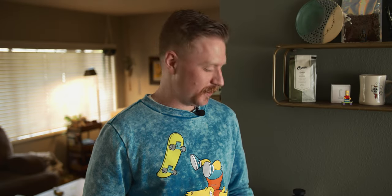Do I look cool? I want to make sure I look cool. I don't really care about the video. I don't care about the grinder. I just want to make sure I look cool.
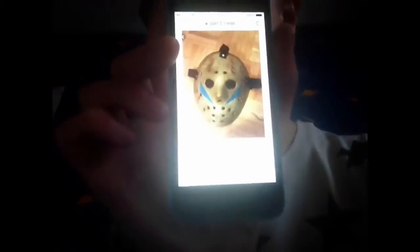I'm going to weather it and customize it and make it look like the Part 5 mask. Let me just get a picture of that up real quick. That's a pretty cool mask to make and I'm actually quite excited.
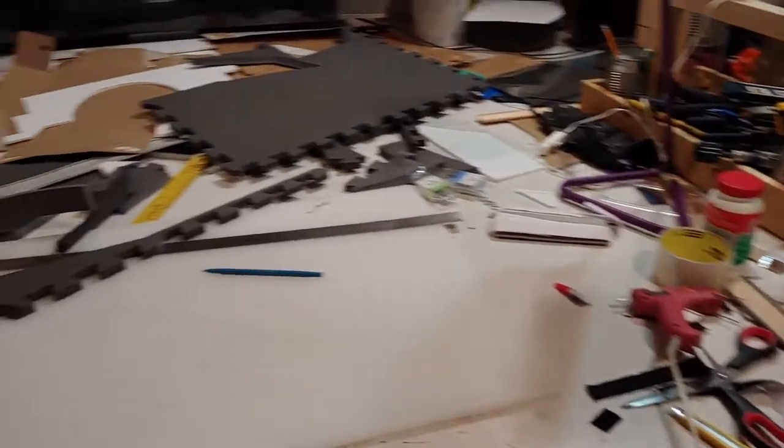Hi everyone, Gridlock Cosplay here. This is the aftermath of my most recent work, and if you've been following me on Instagram, you've already had a sneak peek of what I'm about to show you.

--*--

▶ Instructions for the task: Please print the material exactly as given above, omitting the pictures.

▶ Response:
Do I look cool? I want to make sure I look cool. I don't really care about the video. I don't care about the grinder. I just want to make sure I look cool.
I'm going to weather it and customize it and make it look like the Part 5 mask. Let me just get a picture of that up real quick. That's a pretty cool mask to make and I'm actually quite excited.
Hi everyone, Gridlock Cosplay here. This is the aftermath of my most recent work, and if you've been following me on Instagram, you've already had a sneak peek of what I'm about to show you.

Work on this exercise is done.